[Writing on the train on the way down to London; having to get up every five minutes to close the door to stop a massive breeze.]
My post Lament over a Gospel Harmony, based on a post from Danny Zacharias on Deinde, generated a couple of comments, the first from "Jim" objecting to the term "vanity publishing" and the second from Wieland Willker objecting to the disparagement of Gospel harmonies. In response to Jim, I would note that my preferred term, and the one I used in the post, is "privately published", a term that I explained by noting that some use the more disparaging term "vanity publishing". Let me be clear here. There is nothing necessarily problematic about privately published work. Sometimes it is, quite simply, the most appropriate, the cheapest, the most cost-effective way to get something out. Most of what is published on the internet, including by established academics, is in a sense privately published -- it is not run through a peer-review process or anything else. It's simply put out there for the world to take or leave as they please. This blog is like that. In some ways the net has decreased the need for disseminating ideas by privately printed work, but the latter still often has an important place too. My dad, for example, writes on Lewis Carroll and children's literature and often finds the most appropriate means of getting his material out to those who want to read it, is to arrange publication himself. It's the same process as those who in the music industry sell CDs at gigs or via the net -- it's often more cost effective, more efficient, more direct and one retains much more control over one's product.

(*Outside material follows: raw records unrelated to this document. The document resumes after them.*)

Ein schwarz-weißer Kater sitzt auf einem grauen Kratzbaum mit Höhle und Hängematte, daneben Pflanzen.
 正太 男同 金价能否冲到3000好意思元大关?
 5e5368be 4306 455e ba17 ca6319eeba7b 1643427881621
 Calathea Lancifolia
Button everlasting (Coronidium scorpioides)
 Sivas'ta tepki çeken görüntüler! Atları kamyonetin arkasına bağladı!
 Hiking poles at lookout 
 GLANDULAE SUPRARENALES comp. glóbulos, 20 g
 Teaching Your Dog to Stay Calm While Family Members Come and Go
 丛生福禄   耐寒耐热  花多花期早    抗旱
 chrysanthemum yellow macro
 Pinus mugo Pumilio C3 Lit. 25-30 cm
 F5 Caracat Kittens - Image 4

But in the context of my post on the topic, I was commenting on Danny's lament that this is the kind of book that gets into the "pop.christian" book shops where superior books find it more difficult to find their way to the average Church-goer. I was commenting that one should probably not be too concerned in a case like this because the book in question is privately published and it is a particular difficulty, usually, to get privately published material into book shops. That's not the function of the best privately published material, which is rather dissemination via networks of friends and the potentially interested. And it needs to be added, I think, that the publication of academic books by established publishers is often an indicator that the quality of the book in question is superior to a similar book published privately. The reason is straightforward and is nothing to do with "intellectual eggheads" or prejudice. It is, rather, because the book produced by the established publisher will have been through a peer-review process in which it is subjected to rigorous academic scrutiny by experts in the field. And it is a tough business. Much of my time is spent reviewing manuscripts for publication, and it is a demanding, if necessary, job. I would also add that if you publish with Brill, you are highly unlikely to get paid at all, let alone "paid before a single copy sells".
And so to the question of Gospel harmonies. Wieland Willker wonders why it is that they get disparaged by scholars. What is wrong with them? I think that an important point wants making here: it depends on what the function of the Gospel Harmony in question is. If the function is literary, artistic, devotional, dramatic, there often remains a role for the Gospel Harmony. I have myself written in defence of the use of harmony in The Passion of the Christ, complaining about those scholars who have overreacted to its use of harmonizing, criticizing this work of art as if it were an undergraduate essay on the historical Jesus (see "The Power of the Passion of the Christ: Reacting and Over-reacting to Gibson's Artistic Vision" in Jesus and Mel Gibson's The Passion of the Christ, Chapter 3, based on an earlier blog post, The harmonizing tradition in Jesus films). But herein lies the important point -- treating an artistic work as if it is an academic one is problematic. Harmonizing does not have a role to play in serious academic work on the Gospels, unless one wishes to argue that the major advances in critical work on the Gospels are wrong-headed. One may wish to argue that but I cannot myself imagine how such an argument could be successfully mounted. Certainly it will not do, if one wishes to be taken seriously, to ignore such work. At the very least it needs to be engaged.
In other words, it is a question of context. When my kids take part in their nativity play this Christmas, I would be an utter nerd if I were to go to the person organizing it to complain about its having harmonized the Gospels of Matthew and Luke. But when I lectured to my first year undergraduates a fortnight ago on Matthew 1-2, it would have been irresponsible for me to be involved in uncritical harmonizing.